The risks to data centres are not dissimilar. There are the obvious concerns of ‘outsider threats’ to the physical building, such as flooding, terror attacks or break-ins. Then there are data centre ‘insider threats’ and these, in much the same way as IT security threats, are often unintentional breaches by employees.

In the case of the data centre, insider threats can include the people managing the data centre leaving access details unsecured or sharing access details with unauthorised personnel (even though they may work at the organisation) or simply leaving the data centre open, even just momentarily, leaving the IT infrastructure exposed. It could be company personnel who don’t adhere to cleanliness regulations leaving dirt and dust particles behind which over time can cause damage to IT systems. The threat can be data centre staff who have not been fully trained on equipment or systems or those who are new to the job and misuse data centre equipment causing damage.

When we consider how much funding is spent on securing our data centre from outside threats, it is surprising how little is spent on minimising insider threats, when you consider your breach is far more likely to come from inside than outside.
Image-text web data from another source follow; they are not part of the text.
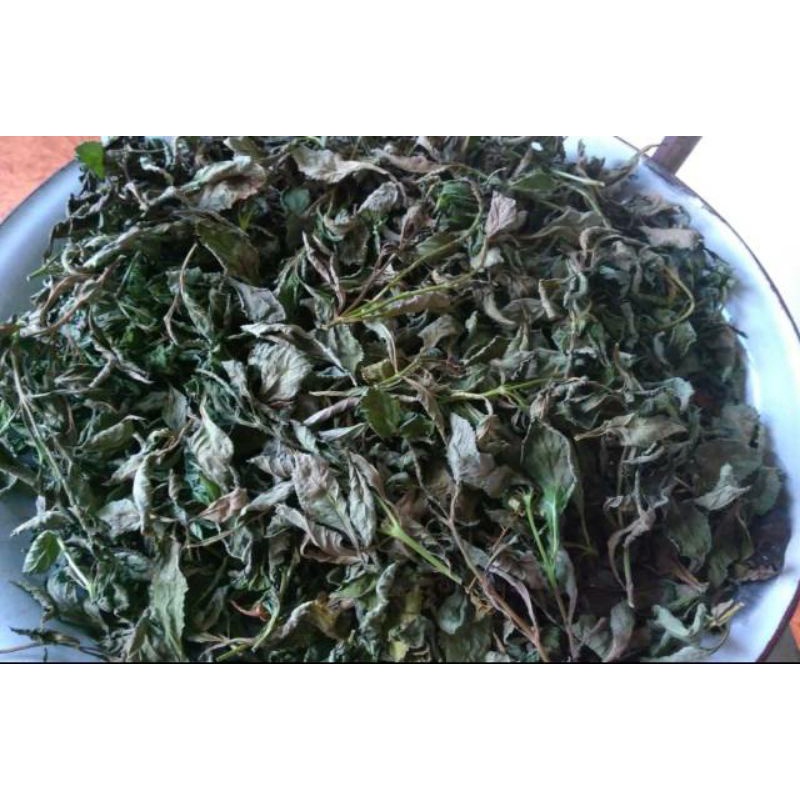 

herbal daun pecut kuda kering 100gram bersih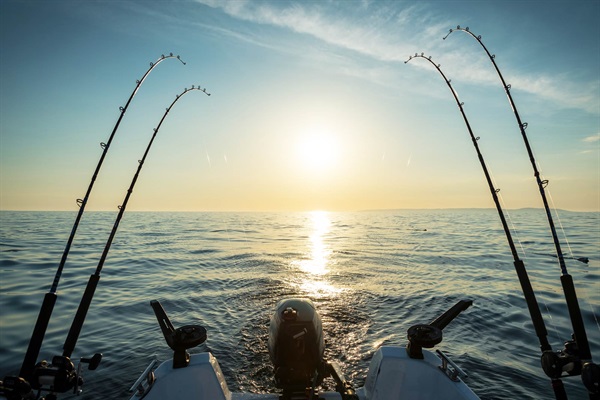 Many fishing charter options in Englewood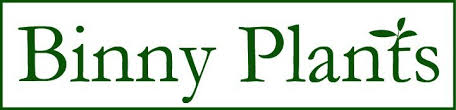 Shop gift card by billini online now. Gift Card Malus Binny Plants
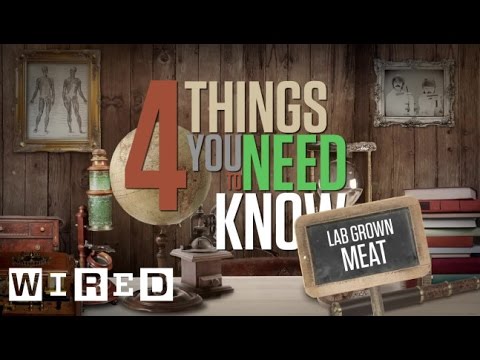 4 Things You Need To Know About Lab Grown Meat | WIRED - UCftwRNsjfRo08xYE31tkiyw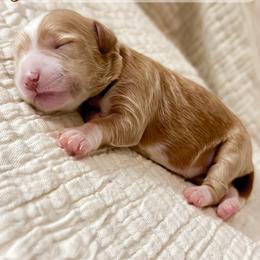 Seahorse - Apricot female Goldendoodle puppy in Garden Grove, California from Sunkissed Doodles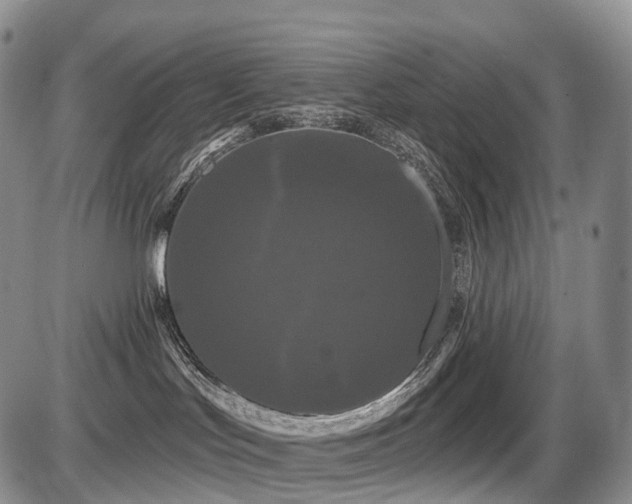 X0000087530047200704271218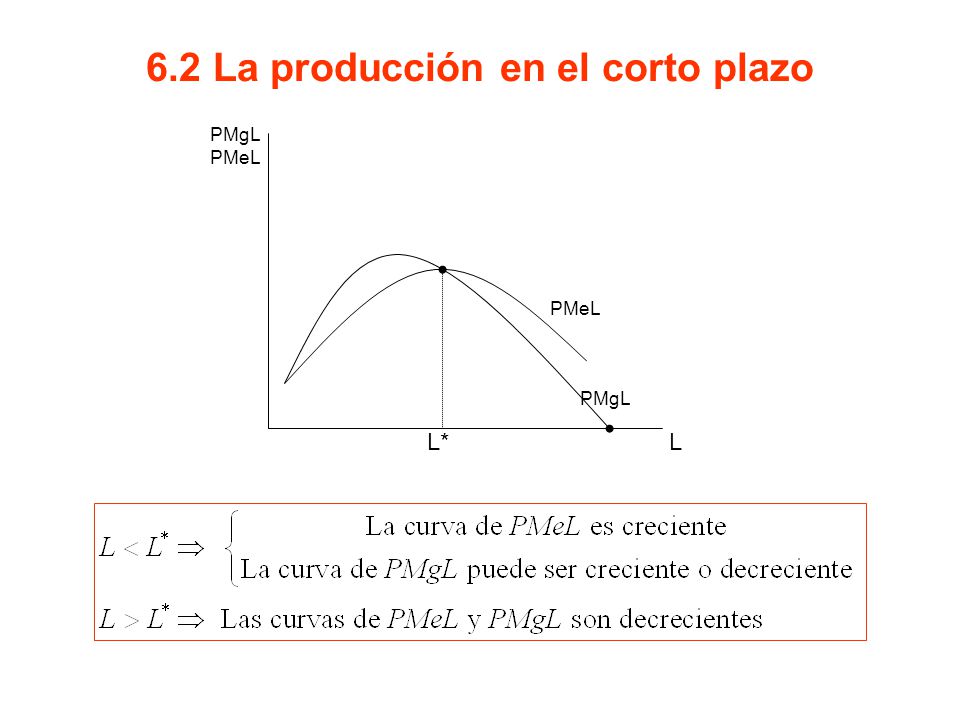 6.2 La producción en el corto plazo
Companies need to invest in systems and processes that secure the data centre and ultimately the whole IT system of their business from unintentional harm brought about by well-meaning employees. Building a robust set of regulations and protocols for management of the DC. Ensuring full training of all personnel. Building in regular cleaning as part of your data centre maintenance contract.

In summary, investing time and budget on safeguarding your data centre from the ‘insider’ out.